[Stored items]
============================================================
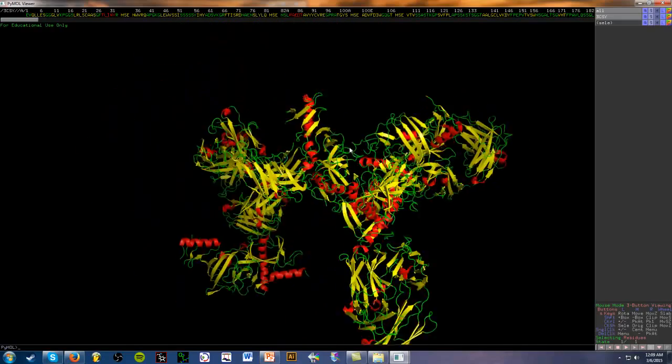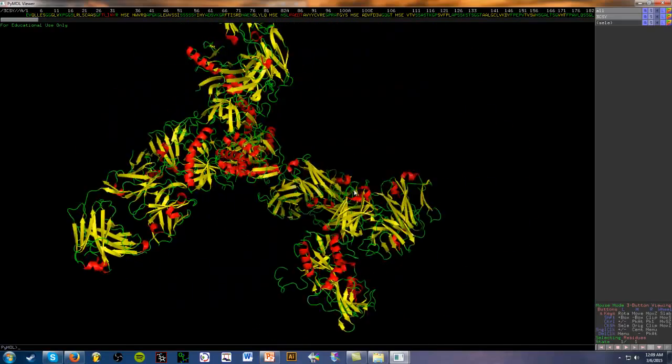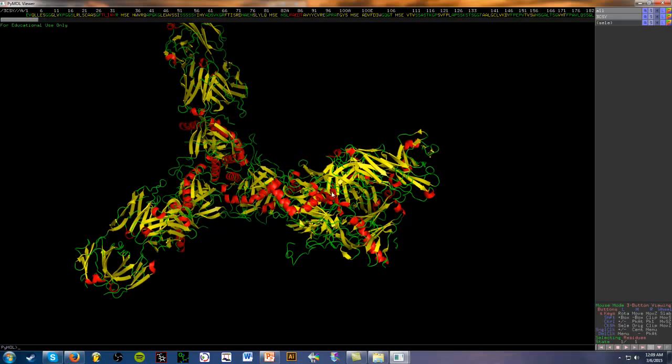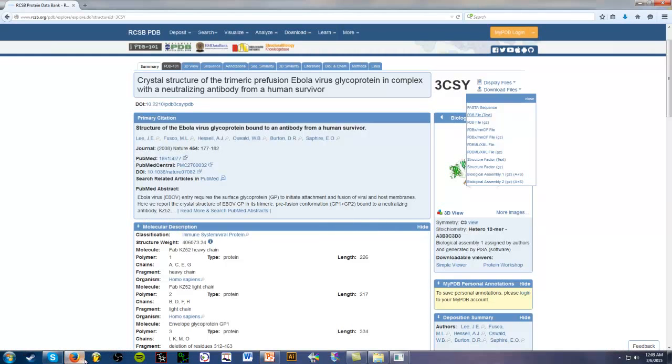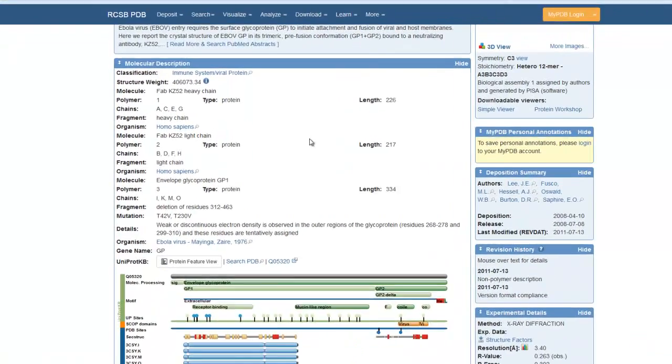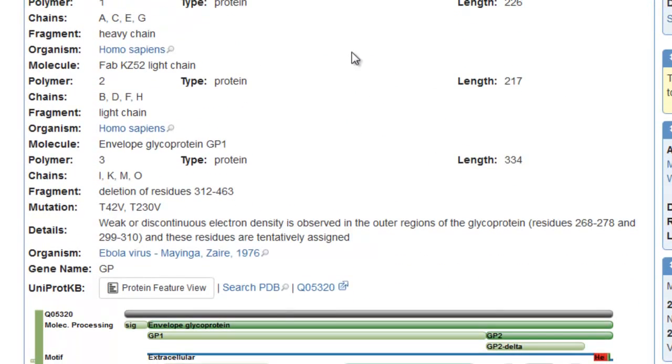But what are we really looking at though? What's going on here? We need to go back to the browser. So let's go ahead and do that. If we look at the molecular description here, we can see what these are.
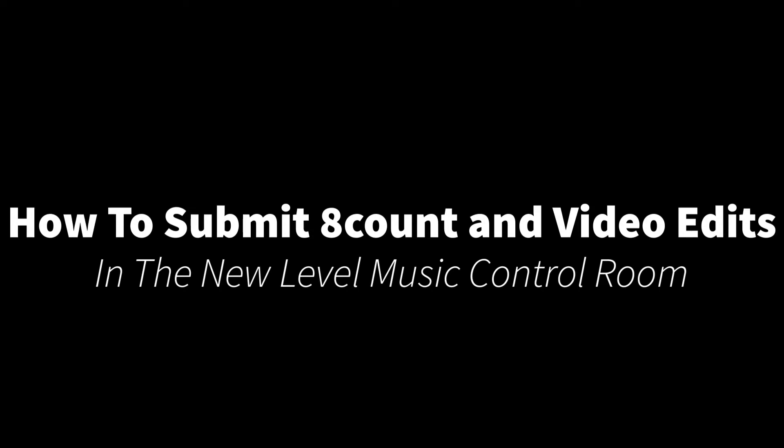Welcome back to the New Level Music YouTube channel. This is Alex, and this video will show you how to request and submit an edit for your New Level Music cheer or dance mix.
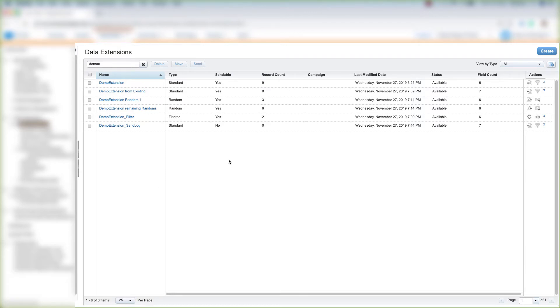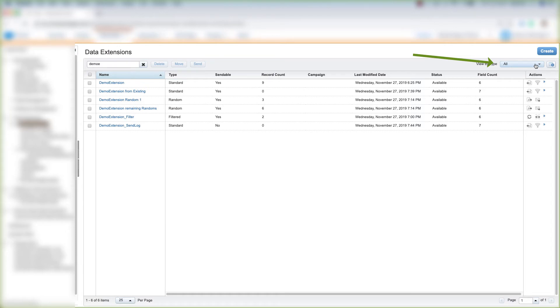If you're looking at a list of data extensions and you want to filter by the type of data extension, you'll need to come over here to the far right corner of the screen and click on this dropdown next to View by Type and click your Filter.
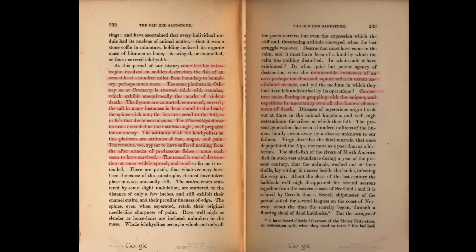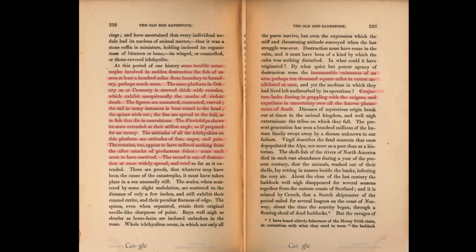The remains appear to have suffered nothing from the after-attack of predaceous fish — none such seem to have survived. The record is one of destruction at once, widely spread and total. What agency of destruction could have accounted for the innumerable existences of an area perhaps 10,000 square miles in extent, annihilated at once? Conjecture lacks footing in grappling with the enigma and expatiates in uncertainty over all the known phenomena of death.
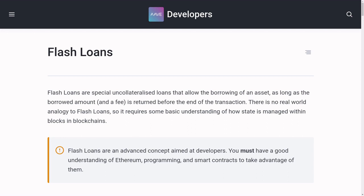Let's take a look at flash loans. Flash loans are uncollateralized loans that must be borrowed and then repaid in the same transaction. They are commonly used in arbitrage, liquidation, and also in DeFi hacks.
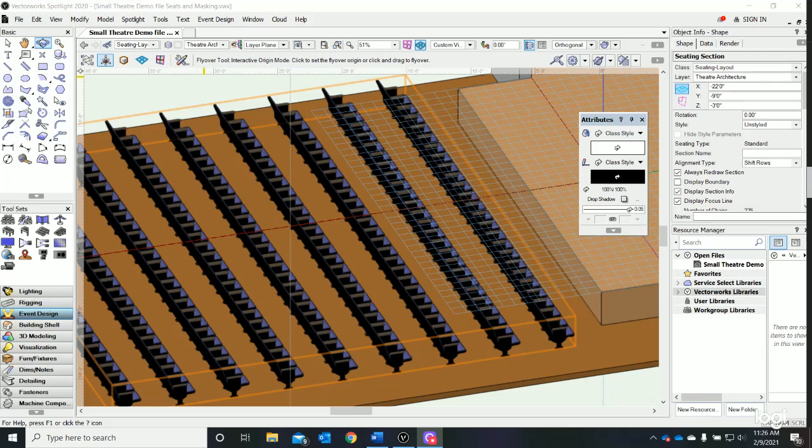Hi and welcome back. The next thing we want to do is put in some curtains - some theater drapery. Maybe we'll put in a valance and we'll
============================================================
Task requirements - Both ends included, copy the lines from the one holding "Let's take a" to the last line of the entries exactly, with all pictures left out.

Written reply -
Let's take a look at flash loans. Flash loans are uncollateralized loans that must be borrowed and then repaid in the same transaction. They are commonly used in arbitrage, liquidation, and also in DeFi hacks.
Hi and welcome back. The next thing we want to do is put in some curtains - some theater drapery. Maybe we'll put in a valance and we'll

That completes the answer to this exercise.